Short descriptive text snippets
____

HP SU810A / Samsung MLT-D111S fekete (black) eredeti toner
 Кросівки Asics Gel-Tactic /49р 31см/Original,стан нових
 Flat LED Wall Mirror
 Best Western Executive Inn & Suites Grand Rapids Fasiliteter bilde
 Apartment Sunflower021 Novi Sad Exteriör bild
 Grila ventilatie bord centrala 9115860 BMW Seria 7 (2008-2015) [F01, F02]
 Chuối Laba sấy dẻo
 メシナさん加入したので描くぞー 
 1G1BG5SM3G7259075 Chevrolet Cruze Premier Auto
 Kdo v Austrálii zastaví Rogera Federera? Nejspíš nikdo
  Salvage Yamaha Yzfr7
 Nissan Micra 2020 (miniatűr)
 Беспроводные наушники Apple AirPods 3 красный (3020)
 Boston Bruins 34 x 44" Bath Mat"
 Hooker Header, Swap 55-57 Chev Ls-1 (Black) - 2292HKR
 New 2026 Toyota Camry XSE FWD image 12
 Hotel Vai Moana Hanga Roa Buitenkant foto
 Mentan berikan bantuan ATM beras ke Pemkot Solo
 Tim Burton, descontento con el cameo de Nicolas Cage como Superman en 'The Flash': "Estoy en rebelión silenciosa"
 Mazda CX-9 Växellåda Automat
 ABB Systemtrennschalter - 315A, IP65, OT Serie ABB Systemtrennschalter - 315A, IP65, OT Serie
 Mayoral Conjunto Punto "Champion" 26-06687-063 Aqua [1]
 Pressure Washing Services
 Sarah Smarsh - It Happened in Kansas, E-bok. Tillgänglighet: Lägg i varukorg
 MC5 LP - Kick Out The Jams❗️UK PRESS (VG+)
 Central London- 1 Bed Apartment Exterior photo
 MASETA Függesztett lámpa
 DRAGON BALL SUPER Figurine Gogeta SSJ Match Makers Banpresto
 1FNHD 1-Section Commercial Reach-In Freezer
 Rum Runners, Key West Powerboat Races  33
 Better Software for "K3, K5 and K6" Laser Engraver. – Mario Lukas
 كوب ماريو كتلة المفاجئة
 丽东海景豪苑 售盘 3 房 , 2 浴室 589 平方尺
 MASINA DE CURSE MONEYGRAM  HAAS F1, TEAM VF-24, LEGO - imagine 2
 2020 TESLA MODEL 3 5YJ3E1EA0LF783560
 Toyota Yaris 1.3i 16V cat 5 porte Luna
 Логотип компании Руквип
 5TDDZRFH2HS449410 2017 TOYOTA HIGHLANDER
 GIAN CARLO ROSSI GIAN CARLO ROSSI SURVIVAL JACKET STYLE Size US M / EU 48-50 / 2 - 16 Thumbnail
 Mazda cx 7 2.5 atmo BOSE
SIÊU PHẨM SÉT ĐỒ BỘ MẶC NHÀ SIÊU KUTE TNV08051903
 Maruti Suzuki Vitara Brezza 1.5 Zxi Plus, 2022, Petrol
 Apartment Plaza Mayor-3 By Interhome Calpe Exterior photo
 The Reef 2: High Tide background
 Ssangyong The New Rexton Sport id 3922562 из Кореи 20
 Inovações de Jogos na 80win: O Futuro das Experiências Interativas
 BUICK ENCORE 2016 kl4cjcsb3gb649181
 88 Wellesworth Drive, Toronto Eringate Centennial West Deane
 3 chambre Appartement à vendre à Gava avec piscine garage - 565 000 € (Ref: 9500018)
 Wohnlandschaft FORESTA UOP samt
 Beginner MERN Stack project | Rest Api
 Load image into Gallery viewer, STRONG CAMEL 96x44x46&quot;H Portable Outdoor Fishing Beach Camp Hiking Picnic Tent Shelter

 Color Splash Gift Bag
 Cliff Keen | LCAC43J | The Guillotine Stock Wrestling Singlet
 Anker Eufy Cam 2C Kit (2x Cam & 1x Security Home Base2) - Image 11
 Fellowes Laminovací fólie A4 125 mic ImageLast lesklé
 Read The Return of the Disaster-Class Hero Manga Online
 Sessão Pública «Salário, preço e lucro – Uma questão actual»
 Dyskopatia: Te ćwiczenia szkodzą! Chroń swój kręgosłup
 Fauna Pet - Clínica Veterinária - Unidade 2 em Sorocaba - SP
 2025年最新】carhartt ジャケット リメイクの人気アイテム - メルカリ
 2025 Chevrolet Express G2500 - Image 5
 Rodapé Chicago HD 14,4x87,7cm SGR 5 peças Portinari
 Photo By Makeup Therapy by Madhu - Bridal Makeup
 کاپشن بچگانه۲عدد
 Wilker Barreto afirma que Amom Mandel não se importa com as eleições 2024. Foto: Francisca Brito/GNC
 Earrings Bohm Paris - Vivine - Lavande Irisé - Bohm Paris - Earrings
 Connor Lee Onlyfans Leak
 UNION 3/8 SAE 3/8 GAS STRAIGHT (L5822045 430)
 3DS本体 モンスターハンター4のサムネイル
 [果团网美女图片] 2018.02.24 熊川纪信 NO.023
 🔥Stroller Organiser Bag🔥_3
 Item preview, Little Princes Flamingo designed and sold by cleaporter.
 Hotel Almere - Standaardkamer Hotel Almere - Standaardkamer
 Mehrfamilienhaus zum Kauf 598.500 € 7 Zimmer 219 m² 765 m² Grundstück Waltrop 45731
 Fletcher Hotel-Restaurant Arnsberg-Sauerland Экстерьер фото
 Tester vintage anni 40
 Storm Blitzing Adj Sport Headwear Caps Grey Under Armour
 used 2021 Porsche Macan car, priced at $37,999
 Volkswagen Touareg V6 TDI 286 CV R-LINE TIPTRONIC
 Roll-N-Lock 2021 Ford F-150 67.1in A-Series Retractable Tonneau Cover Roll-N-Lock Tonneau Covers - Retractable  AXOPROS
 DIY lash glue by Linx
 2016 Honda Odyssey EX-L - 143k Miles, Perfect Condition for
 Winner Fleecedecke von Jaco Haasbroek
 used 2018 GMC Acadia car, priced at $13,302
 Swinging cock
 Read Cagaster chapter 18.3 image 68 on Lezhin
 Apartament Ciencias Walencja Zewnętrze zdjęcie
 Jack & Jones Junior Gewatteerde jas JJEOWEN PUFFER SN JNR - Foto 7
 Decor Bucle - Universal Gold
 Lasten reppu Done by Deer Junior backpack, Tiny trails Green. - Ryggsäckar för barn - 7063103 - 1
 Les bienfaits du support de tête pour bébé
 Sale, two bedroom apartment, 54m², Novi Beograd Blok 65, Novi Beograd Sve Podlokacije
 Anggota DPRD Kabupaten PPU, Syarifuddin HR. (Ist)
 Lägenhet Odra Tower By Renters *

____

**REQUIRED WORK:** Repeat the entries above exactly, from the first line through the line containing "Mentan berikan bantuan".

**RESPONSE AREA:**
HP SU810A / Samsung MLT-D111S fekete (black) eredeti toner
 Кросівки Asics Gel-Tactic /49р 31см/Original,стан нових
 Flat LED Wall Mirror
 Best Western Executive Inn & Suites Grand Rapids Fasiliteter bilde
 Apartment Sunflower021 Novi Sad Exteriör bild
 Grila ventilatie bord centrala 9115860 BMW Seria 7 (2008-2015) [F01, F02]
 Chuối Laba sấy dẻo
 メシナさん加入したので描くぞー 
 1G1BG5SM3G7259075 Chevrolet Cruze Premier Auto
 Kdo v Austrálii zastaví Rogera Federera? Nejspíš nikdo
  Salvage Yamaha Yzfr7
 Nissan Micra 2020 (miniatűr)
 Беспроводные наушники Apple AirPods 3 красный (3020)
 Boston Bruins 34 x 44" Bath Mat"
 Hooker Header, Swap 55-57 Chev Ls-1 (Black) - 2292HKR
 New 2026 Toyota Camry XSE FWD image 12
 Hotel Vai Moana Hanga Roa Buitenkant foto
 Mentan berikan bantuan ATM beras ke Pemkot Solo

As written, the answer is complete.